▸ **Work request**: Restating the data exactly is the whole task.

─── Extracted data ───

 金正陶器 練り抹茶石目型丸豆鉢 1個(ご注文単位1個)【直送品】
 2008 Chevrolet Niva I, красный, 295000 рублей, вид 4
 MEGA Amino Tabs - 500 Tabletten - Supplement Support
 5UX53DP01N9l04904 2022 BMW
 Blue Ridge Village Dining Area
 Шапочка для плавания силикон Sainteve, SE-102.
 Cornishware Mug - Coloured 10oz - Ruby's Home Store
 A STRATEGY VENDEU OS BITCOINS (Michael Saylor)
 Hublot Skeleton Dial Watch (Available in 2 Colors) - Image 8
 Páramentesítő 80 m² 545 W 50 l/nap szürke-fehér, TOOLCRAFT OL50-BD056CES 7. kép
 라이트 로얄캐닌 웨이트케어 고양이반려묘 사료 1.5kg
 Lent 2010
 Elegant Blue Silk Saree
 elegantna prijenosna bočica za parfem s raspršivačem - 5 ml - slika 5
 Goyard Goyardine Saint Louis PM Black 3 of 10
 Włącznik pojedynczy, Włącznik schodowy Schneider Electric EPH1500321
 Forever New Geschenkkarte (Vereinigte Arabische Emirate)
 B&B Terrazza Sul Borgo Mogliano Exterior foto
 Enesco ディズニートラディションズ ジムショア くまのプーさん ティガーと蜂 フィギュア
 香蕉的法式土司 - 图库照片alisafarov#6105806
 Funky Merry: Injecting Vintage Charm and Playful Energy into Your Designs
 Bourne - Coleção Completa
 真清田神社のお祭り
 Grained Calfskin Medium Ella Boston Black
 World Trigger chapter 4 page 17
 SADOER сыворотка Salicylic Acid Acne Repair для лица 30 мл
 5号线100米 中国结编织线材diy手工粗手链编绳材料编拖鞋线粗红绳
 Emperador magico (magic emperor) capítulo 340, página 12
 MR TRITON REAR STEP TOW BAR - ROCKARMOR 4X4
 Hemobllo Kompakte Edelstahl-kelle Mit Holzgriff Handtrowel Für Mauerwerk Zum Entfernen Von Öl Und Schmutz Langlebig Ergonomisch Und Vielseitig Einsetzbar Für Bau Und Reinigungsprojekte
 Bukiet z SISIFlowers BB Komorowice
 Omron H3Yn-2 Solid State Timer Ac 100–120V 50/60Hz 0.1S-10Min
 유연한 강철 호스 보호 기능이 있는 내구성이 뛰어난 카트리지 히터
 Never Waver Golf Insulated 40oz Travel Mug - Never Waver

───

▸ **Exercise answer**:
 金正陶器 練り抹茶石目型丸豆鉢 1個(ご注文単位1個)【直送品】
 2008 Chevrolet Niva I, красный, 295000 рублей, вид 4
 MEGA Amino Tabs - 500 Tabletten - Supplement Support
 5UX53DP01N9l04904 2022 BMW
 Blue Ridge Village Dining Area
 Шапочка для плавания силикон Sainteve, SE-102.
 Cornishware Mug - Coloured 10oz - Ruby's Home Store
 A STRATEGY VENDEU OS BITCOINS (Michael Saylor)
 Hublot Skeleton Dial Watch (Available in 2 Colors) - Image 8
 Páramentesítő 80 m² 545 W 50 l/nap szürke-fehér, TOOLCRAFT OL50-BD056CES 7. kép
 라이트 로얄캐닌 웨이트케어 고양이반려묘 사료 1.5kg
 Lent 2010
 Elegant Blue Silk Saree
 elegantna prijenosna bočica za parfem s raspršivačem - 5 ml - slika 5
 Goyard Goyardine Saint Louis PM Black 3 of 10
 Włącznik pojedynczy, Włącznik schodowy Schneider Electric EPH1500321
 Forever New Geschenkkarte (Vereinigte Arabische Emirate)
 B&B Terrazza Sul Borgo Mogliano Exterior foto
 Enesco ディズニートラディションズ ジムショア くまのプーさん ティガーと蜂 フィギュア
 香蕉的法式土司 - 图库照片alisafarov#6105806
 Funky Merry: Injecting Vintage Charm and Playful Energy into Your Designs
 Bourne - Coleção Completa
 真清田神社のお祭り
 Grained Calfskin Medium Ella Boston Black
 World Trigger chapter 4 page 17
 SADOER сыворотка Salicylic Acid Acne Repair для лица 30 мл
 5号线100米 中国结编织线材diy手工粗手链编绳材料编拖鞋线粗红绳
 Emperador magico (magic emperor) capítulo 340, página 12
 MR TRITON REAR STEP TOW BAR - ROCKARMOR 4X4
 Hemobllo Kompakte Edelstahl-kelle Mit Holzgriff Handtrowel Für Mauerwerk Zum Entfernen Von Öl Und Schmutz Langlebig Ergonomisch Und Vielseitig Einsetzbar Für Bau Und Reinigungsprojekte
 Bukiet z SISIFlowers BB Komorowice
 Omron H3Yn-2 Solid State Timer Ac 100–120V 50/60Hz 0.1S-10Min
 유연한 강철 호스 보호 기능이 있는 내구성이 뛰어난 카트리지 히터
 Never Waver Golf Insulated 40oz Travel Mug - Never Waver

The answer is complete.